Até que o duplo “U” seria um desejável castigo. Aprende-se pelo conhecimento e pela paixão, ou então pela dor!

Está na hora de reler o livro Kaput, de Curzio Malaparte, pelos relatórios dos horrores morais e materiais da 2ª Guerra Mundial, a mortificar a natureza, os animais e os seres humanos, apesar de os povos europeus causadores da guerra (que é a continuação da política pelo exercício da força e da violência) se proclamarem cultos, civilizados e sobretudo cristãos: católicos, ortodoxos, protestantes ou anglicanos. 

Portanto, são extremamente hipócritas as condenações indiscriminadas ao islamismo, sem distinguir grupos muçulmanos radicais.

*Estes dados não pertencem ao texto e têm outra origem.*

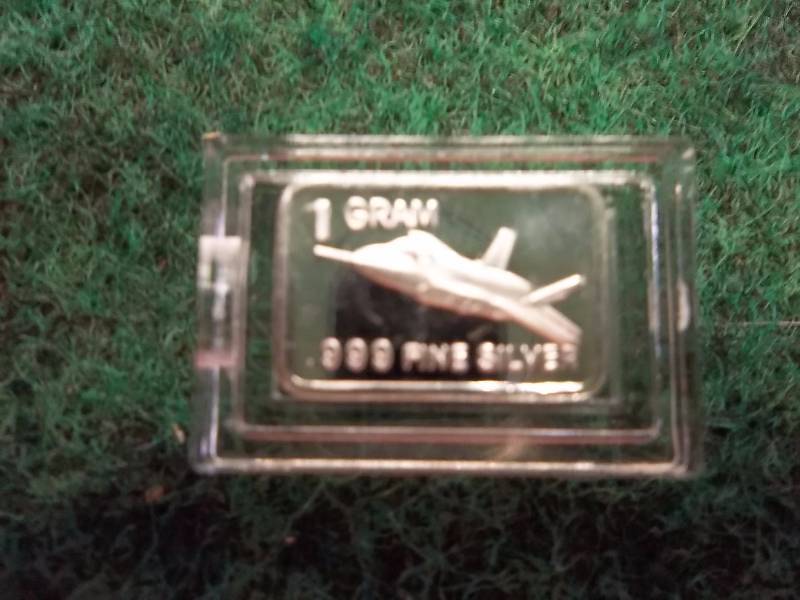 1 Gram .999 Silver Bar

Os cristãos não só lutaram entre si por motivos religiosos mas principalmente por motivos econômicos e o farão novamente. 

O duplo mergulho ou duplo U, como uma era de baixo crescimento ou de conflitos e depressões econômicos e sociais, parece fenômeno incapaz de ser detidos pelo altruísmo dos povos ricos, “civilizados” e “cristãos” do planeta. 

Uma feia idade média em meio a tecnologias avançadas, racismos e xenofobia não é, de modo algum, uma previsão descolada, mas uma possibilidade bem real, e o cinema – a arte imita a vida – tem se dedicado a isso, com afinco, com uma espécie de instinto selvagem permanente, impregnando almas, tanto as dos produtores como as dos espectadores dos filmes. 

Mas como a história é mestra em ironias, a esperança no crescimento econômico e social da humanidade, tudo indica, vem da velha Ásia, de duas antiquíssimas civilizações, extremamente povoadas, uma mística e outra habilidosa, a China, em primeiro lugar, e depois dela a Índia, cujas raças e as culturas nasceram bem distintas da festejada Europa branca.

Mas é somente esperança. A Índia e a China não podem crescer indefinidamente, mesmo a 5% ao ano, ao passo que a Comunidade Europeia e EUA não podem mais comprar em quantidade seus produtos. Os tempos estão cada vez mais sombrios. E ainda estamos em 2016.